The diagnosis of HIES is difficult to be confirmed in that both immunologic and somatic features need to be identified prior to genetic testing. There are two forms of HIES [6]. They have different pathogenesis, processes, and outcomes, and the only common ground is the IgE elevation, with values reaching >2000 IU (normal <200 IU) [7]. The type 1 HIES, a dominant form caused by hypomorphic mutations in STAT3, is a disease of multiorgan dysfunction. Besides eczema and recurrent staphylococcal infections in skin and lung, these patients suffer from abnormalities in vessels, connective tissue, and skeleton [8]. STAT3 (signal transducer and activator of transcription 3) is located on human chromosome 17q21, which was reported to contain a disease locus for familial autosomal dominant (AD)-HIES [7]. It is a transcription factor, which binds to the STAT3-responsive elements in the promoters of various genes and plays a critical role in responses to many cytokines, in which, IL-17 produced by TH17 cell is protective in the host defence against extracellular bacteria [9], and IL-22 stimulates cells in the skin and respiratory systems to produce β-defensins through STAT3 activation [10]. Therefore, the HIES aetiology might be directly and indirectly linked to STAT3. In other words, a human deficiency in STAT3 is a major cause of sporadic and familial HIES. The type 2 HIES is autosomal recessive (AR) syndrome [11]. The patients with type 2 HIES did not show any skeletal and dental abnormalities, and had no pulmonary cyst, but most of them suffered from viral infections such as chronic refractory molluscum contagiosum and herpes simplex virus infections, which were not identified in type 1 HIES. The genetic origin for a subpopulation of type 2 HIES is a null mutation of tyrosine kinase 2 (Tyk2) [12].

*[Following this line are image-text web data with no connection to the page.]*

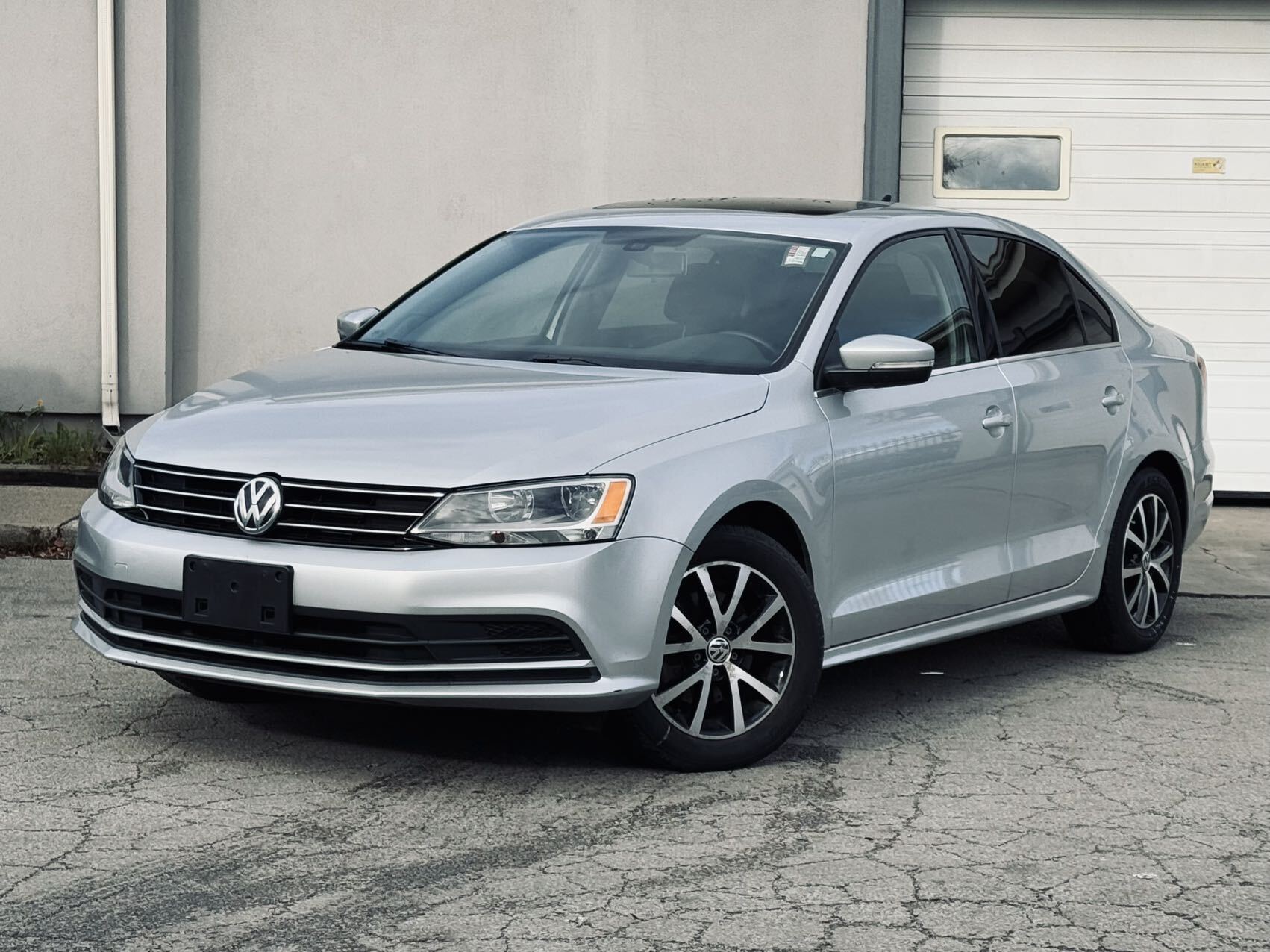 2016 Volkswagen Jetta Sedan Auto|1.8TSport |CleanCarfax|BackUpCamera|2Rim&Tire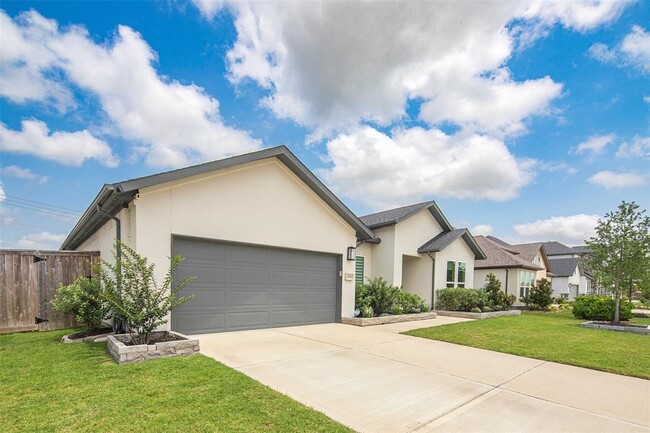 Building Photo - 1682 Sherwood Glen Dr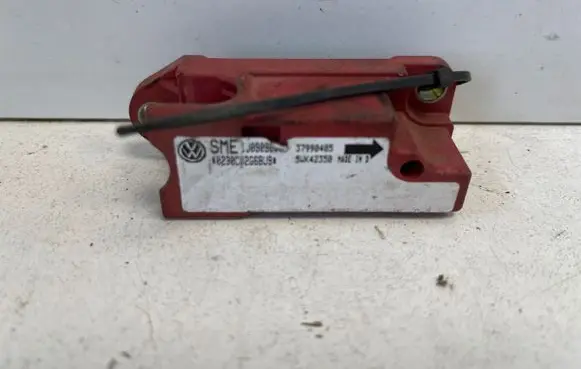 Volkswagen Golf IV Airbag deployment crash/impact sensor 1J0909606C 5WK42350 37990405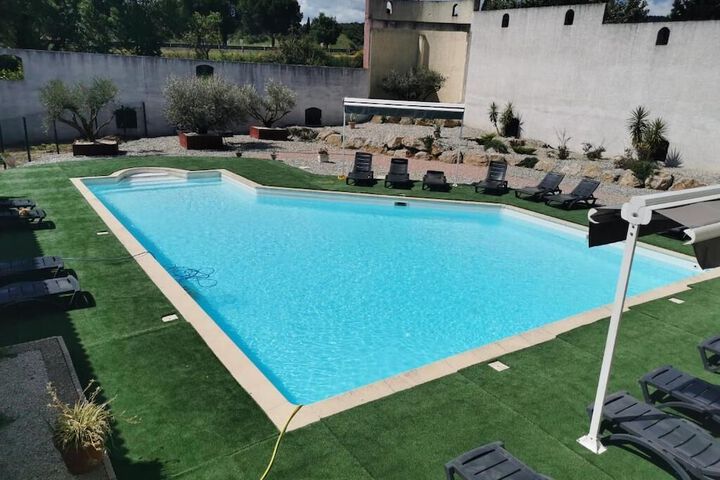 Pool 13 of 20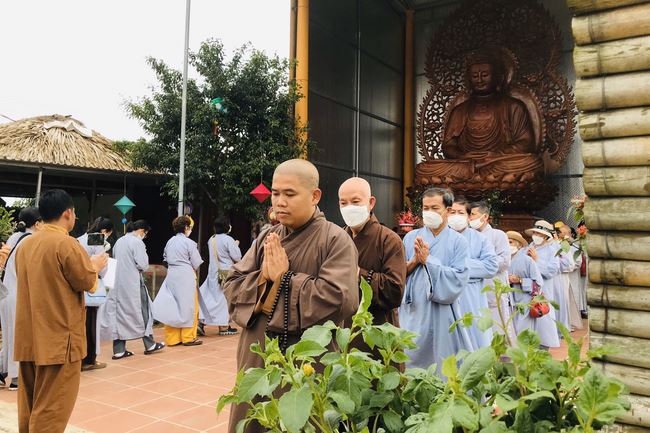 Welcoming the pilgrimage delegation of Hoang Phap Pagoda at Dong Cao Pagoda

For the past few years, the research in the etiology of HIES has got some achievements, especially with the development of molecular biology. But it is not completely clear to us. Until now, it is generally believed that STAT3 mutations act in a dominant negative manner to cause of autosomal dominant HIES [13]. And Tyk2 deficiency acts in a recessive manner to cause one of the cases of AR-HIES, although other genomic loci may also be involved [14]. Most STAT3 mutations are restricted to the DNA-binding or SH2 domains [15], and might concern the protein level, phosphorylation, and nuclear localization. In our research, we found a heterozygous mutation in the DNA-binding region of STAT3 gene, it could be one of the essential causes of the disease. Furthermore, may be his lower STAT3 protein expression level is a result of the mutation. However, its concrete effect still remains to be studied, for instance, when the mutation happens, how the STAT3 protein structure changes, and how the underlying mechanisms and passages make mistakes. They all need us to explore deeply.

6. Conclusion

These new and evolving genetic and immunologic understandings probably eventually lead to more effective disease-specific treatment for patients, including stem cell transplantations and gene-targeted therapies.